Frima L. Holocaust testimony (HVT-2926) interviewed by Marianne Kador and Gabriel Gorenstein
- New York, N.Y. : A Living Memorial to the Holocaust-Museum of Jewish Heritage, 1994
- Interview Date
- March 13, 1994.
- 2 copies: 3/4 in. dub; and 1/2 in. VHS with time coding.
- Cite As
- Frima L. Holocaust Testimony (HVT-2926). Fortunoff Video Archive for Holocaust Testimonies, Yale University Library.

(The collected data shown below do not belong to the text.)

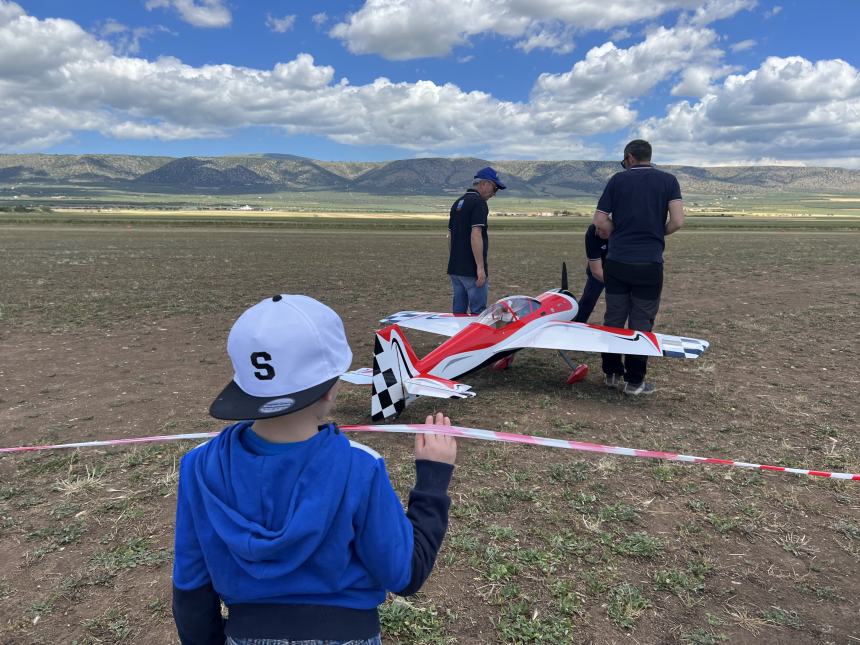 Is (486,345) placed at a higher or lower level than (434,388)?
higher

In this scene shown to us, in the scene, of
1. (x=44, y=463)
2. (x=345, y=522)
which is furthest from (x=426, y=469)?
(x=44, y=463)

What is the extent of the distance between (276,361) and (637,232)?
19.7 ft

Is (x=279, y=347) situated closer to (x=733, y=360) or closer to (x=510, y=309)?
(x=510, y=309)

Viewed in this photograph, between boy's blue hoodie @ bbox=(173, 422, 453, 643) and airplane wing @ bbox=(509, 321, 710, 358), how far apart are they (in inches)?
221

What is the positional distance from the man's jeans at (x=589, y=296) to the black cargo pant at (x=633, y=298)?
1.27 metres

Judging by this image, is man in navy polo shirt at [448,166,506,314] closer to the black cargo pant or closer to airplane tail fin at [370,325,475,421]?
the black cargo pant

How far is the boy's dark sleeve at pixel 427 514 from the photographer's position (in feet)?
5.63

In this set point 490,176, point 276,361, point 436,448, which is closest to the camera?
point 276,361

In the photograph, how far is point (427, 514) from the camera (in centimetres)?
179

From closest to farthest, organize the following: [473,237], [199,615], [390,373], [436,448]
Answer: [199,615], [436,448], [390,373], [473,237]

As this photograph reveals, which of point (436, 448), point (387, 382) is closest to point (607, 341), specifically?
point (387, 382)

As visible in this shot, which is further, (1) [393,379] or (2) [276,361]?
(1) [393,379]

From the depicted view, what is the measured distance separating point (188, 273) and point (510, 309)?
16.7m

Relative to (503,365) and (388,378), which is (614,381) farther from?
(388,378) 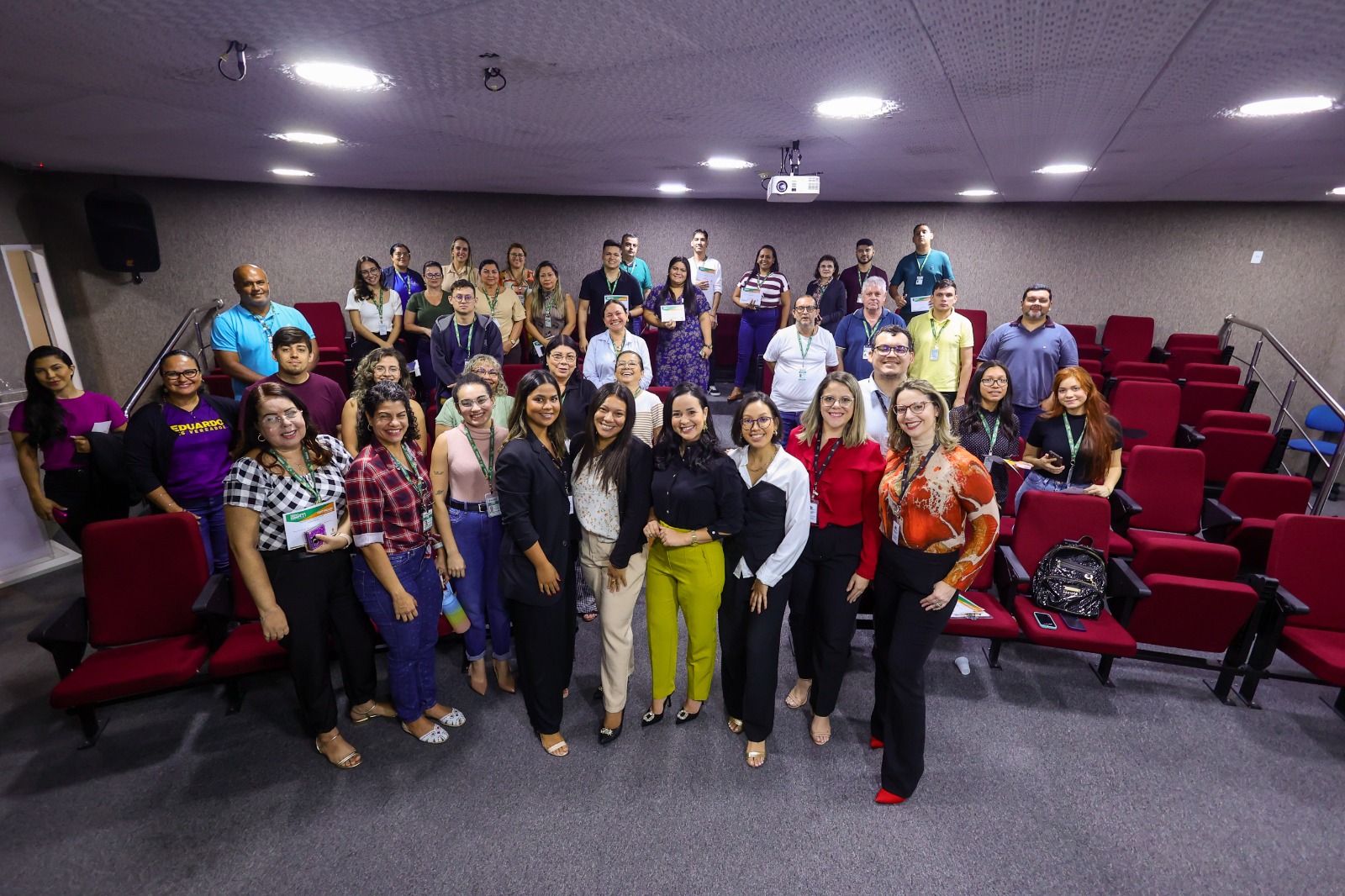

Videotape testimony of Frima L., who was born in Volochisk, Ukraine in 1936. She recounts moving to a larger city; German invasion in 1941; ghettoization; being caught in a round-up; waiting near the edge of a mass grave; a reprieve when her mother convinced a German they were Ukrainian; interrogations when it was suspected they were Jewish; escaping; hiding with non-Jewish neighbors; returning to the ghetto; escaping with her mother (her father was caught and killed); hiding with non-Jewish friends while her mother escaped to Romania; being asked to leave; buying a large crucifix to wear; traveling to Zhmerynka, then to Murafa searching for her mother; living in Murafa where the population protected them; liberation by Soviet troops in 1944; returning to their hometown; reunion with her brother (he had been hidden); smuggling themselves to Germany; living in Berlin, then a displaced persons camp in Bavaria; moving to France two years later; emigrating to Cuba to live with her mother's sister; and moving to the United States nine years later. Mrs. L. discusses constant feelings of persecution and recurring fears resulting from her experience and reluctance to share her story with her children. She shows photographs.